Work required - Reproduce, from the lines below, exactly the stretch that begins at the line containing "40cm hohes Lowboard in Kernbuche - Junola" and ends at the line containing "Propriétaire inspectant la", both included.

##### Record extracts

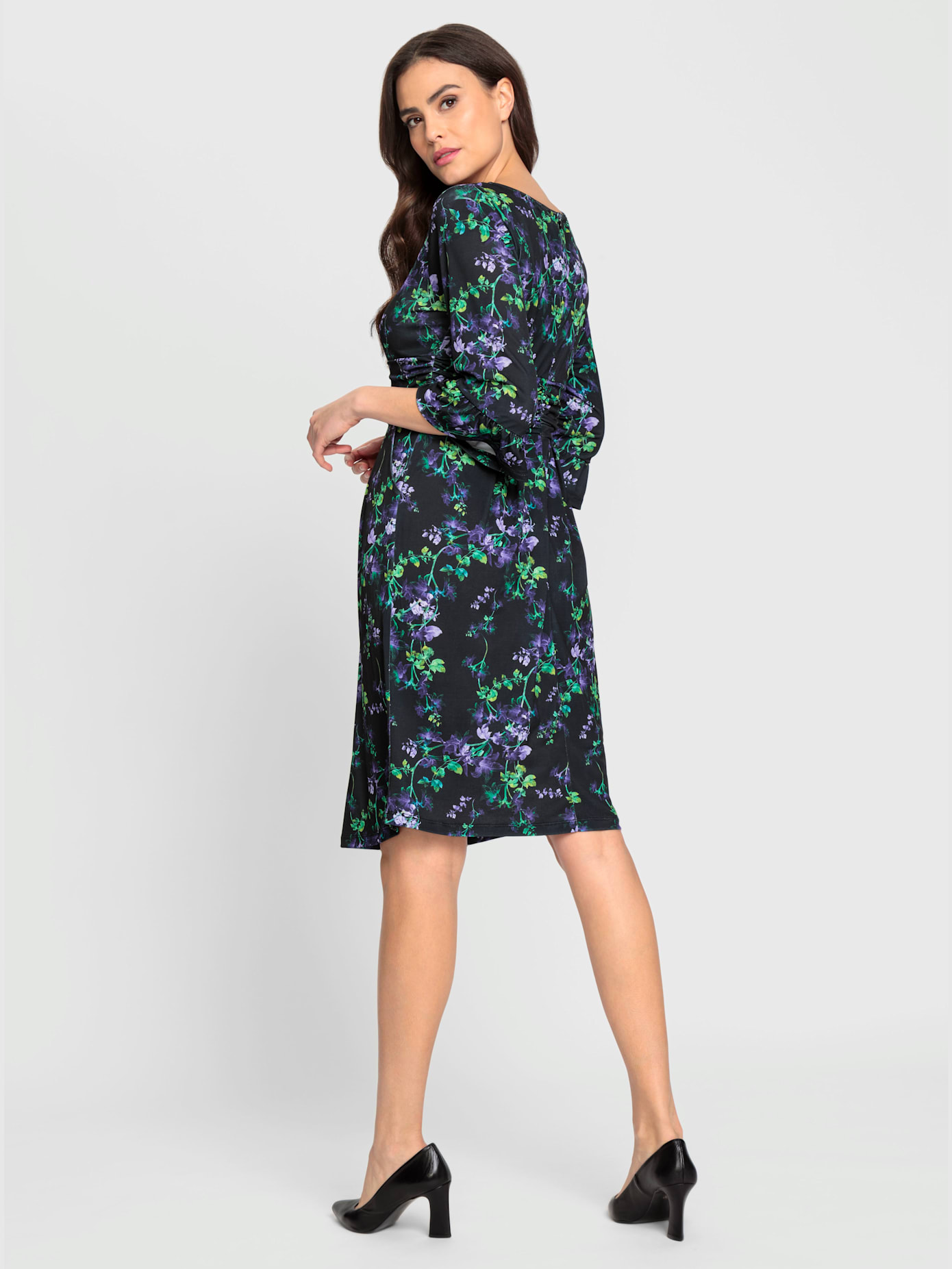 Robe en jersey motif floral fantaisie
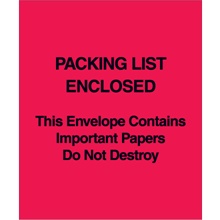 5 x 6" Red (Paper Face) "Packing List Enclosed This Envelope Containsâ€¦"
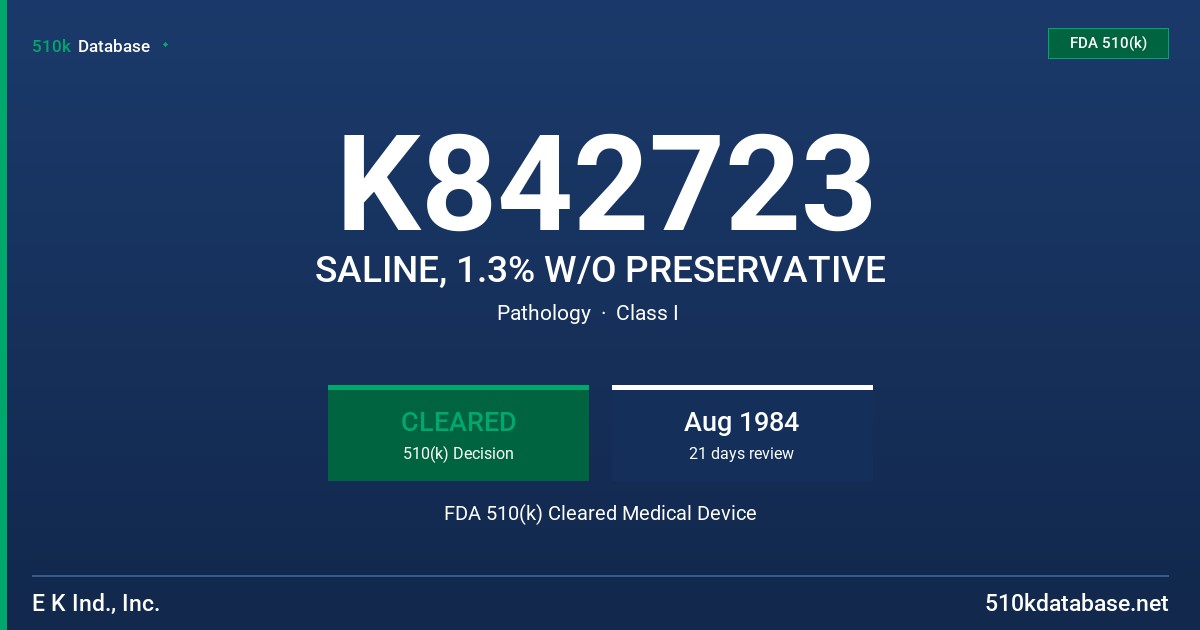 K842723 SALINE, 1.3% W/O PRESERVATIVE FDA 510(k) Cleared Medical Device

##########
##### Record extracts

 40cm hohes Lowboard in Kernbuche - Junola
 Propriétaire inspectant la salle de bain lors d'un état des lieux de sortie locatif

##########

Worked solution -
 40cm hohes Lowboard in Kernbuche - Junola
 Propriétaire inspectant la salle de bain lors d'un état des lieux de sortie locatif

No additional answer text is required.